House debates
Wednesday, 14 August 2024
Questions without Notice
Economy
2:11 pm
Maria Vamvakinou (Calwell, Australian Labor Party) Share this | Link to this | Hansard source
My question is to the Treasurer. How will the disciplined and rigorous approach to investments as part of the Albanese Labor government's Future Made in Australia plan ensure the benefits are widely shared? What approaches were rejected?
2:12 pm
Jim Chalmers (Rankin, Australian Labor Party, Treasurer) Share this | Link to this | Hansard source
We will miss the member for Calwell when she retires at the end of this parliamentary term, and this question shows why. A Future Made in Australia is all about modernising and strengthening our economy in a global economy powered by cleaner and cheaper energy. It's about grasping the vast economic and industrial opportunities presented to us by the world's shift to net zero. The legislation before the House, as the Prime Minister said, provides the rigor and robustness we need to attract more investment in the most cost-effective way. That's why the Ai Group said:
This rigour brings a welcome degree of transparency and accountability … based on clear policy principles …

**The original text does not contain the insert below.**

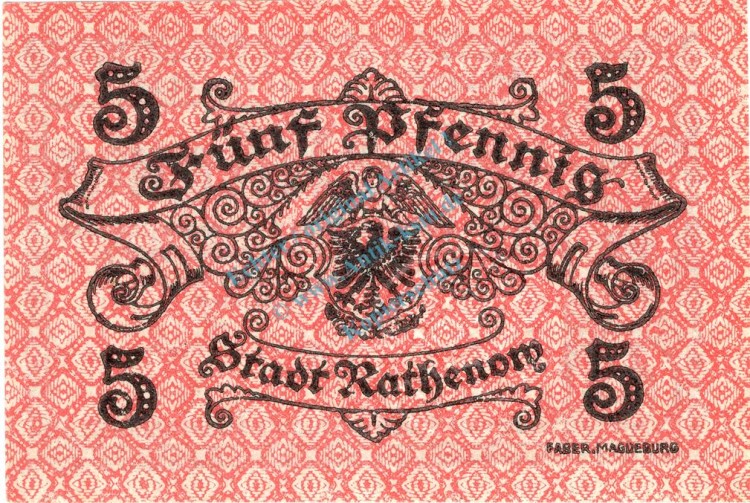 Rathenow , Notgeld 5 Pfennig -WZ- unc-kfr. Ti.5915.10.15 Brandenburg 1917 Verkehrsausgabe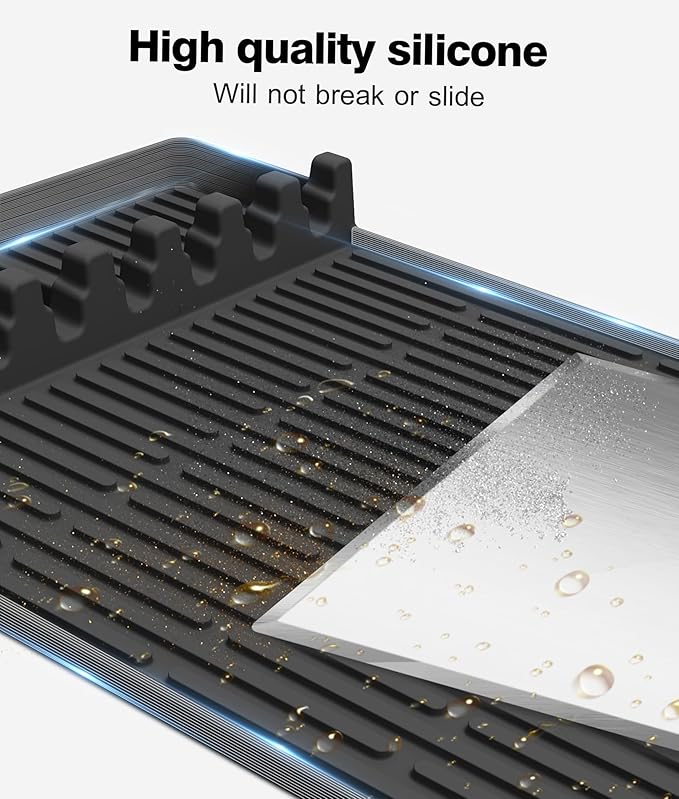 Silicone Grill Mat Compatible with Blackstone, BBQ Griddle Tools Mat with Drip Pad, Large Spatula Holder for Outdoor Kitchen Counter, Gifts for Men (Black)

This is what the coalition are opposing when they say they will vote against our legislation. They are voting against a proper assessment of spending. They are voting against communities benefiting from this investment. They are voting against aligning our economic and national security interests. The shadow Treasurer's bizarre and unhinged speech last night reads like it was cut and pasted from the darkest, strangest corners of the far-right web, and that's because it probably was. He bagged the Treasury department that he wants to lead. He said that prioritising local communities, jobs and skills is 'Orwellian'. He said putting national security and economics together is 'ideological', and he described ARENA as a 'slush fund'. Remember, he was the minister for ARENA for almost four years. It was truly mad and bizarre stuff. It was truly unhinged, and it was factually wrong, as well. For example, he said that the PsiQuantum deal cost the Commonwealth $22.7 billion, when it's only $470 million. He was only $22,230,000,000 off! Then he handed his dodgy maths to the member for Flynn, who repeated his points verbatim and stuffed it up as well. He shouldn't have taken the shadow Treasurer seriously when nobody else does.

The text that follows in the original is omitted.